== Assignment ==
Would you copy only the lines below, from the one containing "Moraj CDB200-402 Damen" through the very last one, leaving the pictures out?

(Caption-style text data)
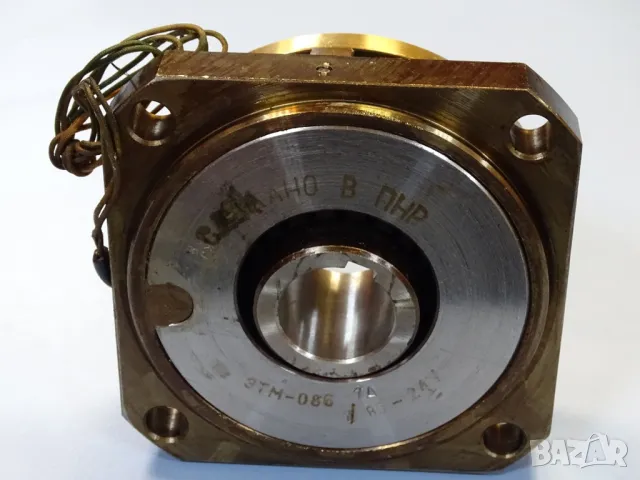 Съединител електромагнитен ETM-0.86 1А/1H (ЭТМ-0.86 1А/1H) electromagnetic multi-plate clutch 24VDC, снимка 7 - Резервни части за машини - 47490520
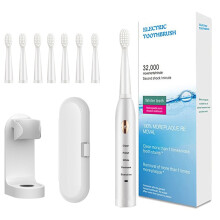 YOBOLK Electric Toothbrush with 8 Brush Heads, 5 Cleaning Modes, Fast Charging & Long Battery Life - Compatible with Replacement Heads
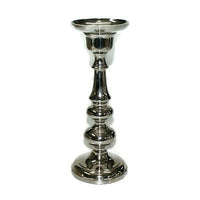 Elegance Pillar/Taper Candle Holder, Nickel-Plated, 13" (72731)-Candle holder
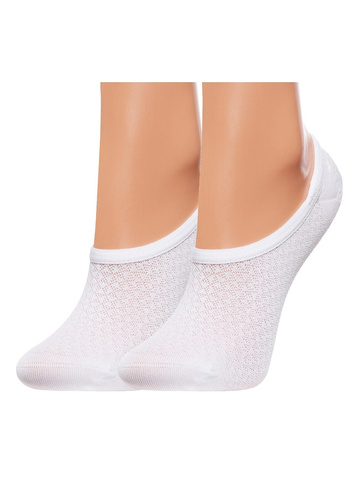 Moraj CDB200-402 Damen Ballerina Socken Baumwolle rutschfest bianco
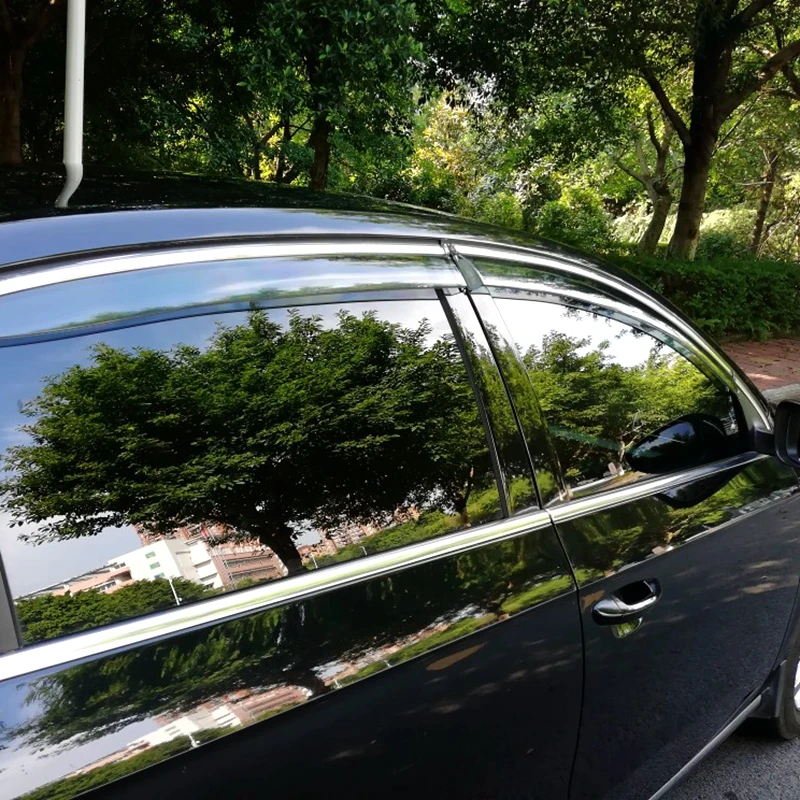 

For MAGOTAN B7 2012-2016 Window Visors Awnings Shelters Rain Sun Deflector Guard Vent Protector Covers 4Pcs Car Accessories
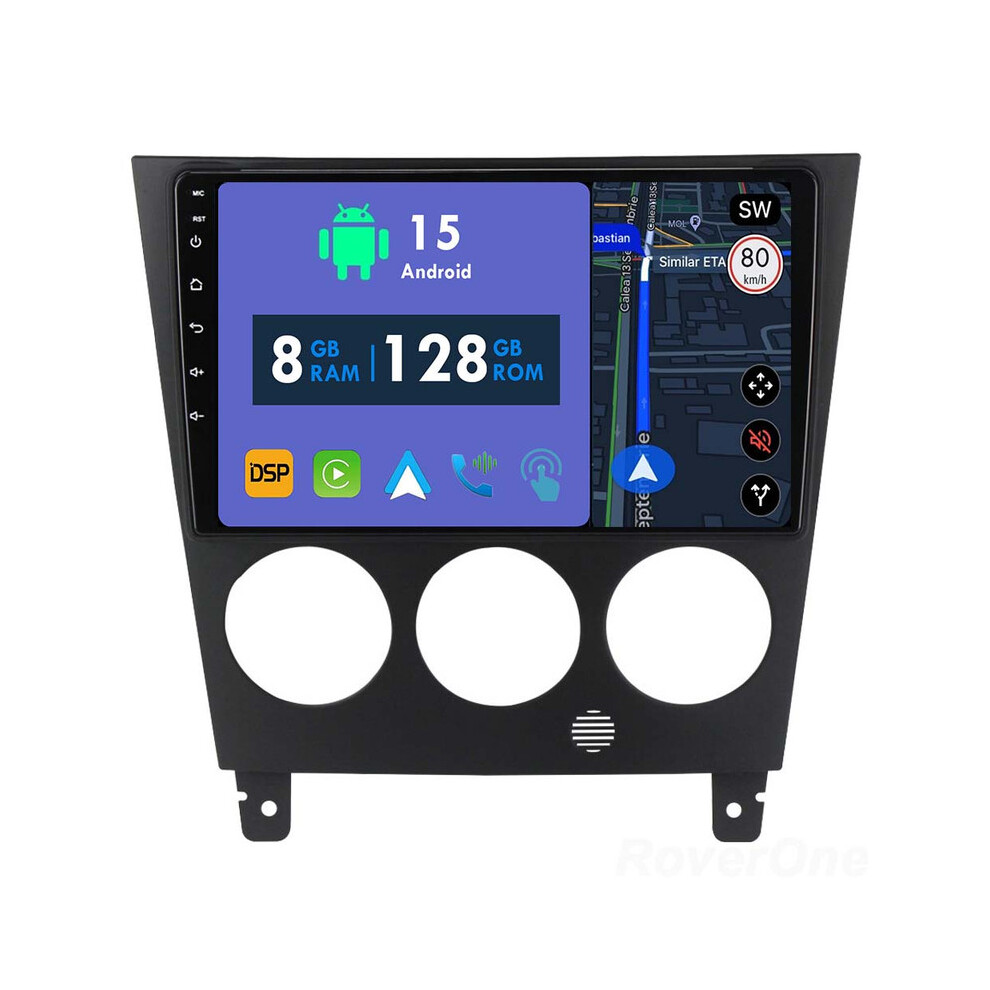 Roverone 8G+128G Car Radio Stereo Wireless Carplay Android Auto Gps Sat Navi Head Unit For Subaru Impreza Gd Gg 2002 - 2007 786354254695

== Exercise output ==
 Moraj CDB200-402 Damen Ballerina Socken Baumwolle rutschfest bianco

For MAGOTAN B7 2012-2016 Window Visors Awnings Shelters Rain Sun Deflector Guard Vent Protector Covers 4Pcs Car Accessories
 Roverone 8G+128G Car Radio Stereo Wireless Carplay Android Auto Gps Sat Navi Head Unit For Subaru Impreza Gd Gg 2002 - 2007 786354254695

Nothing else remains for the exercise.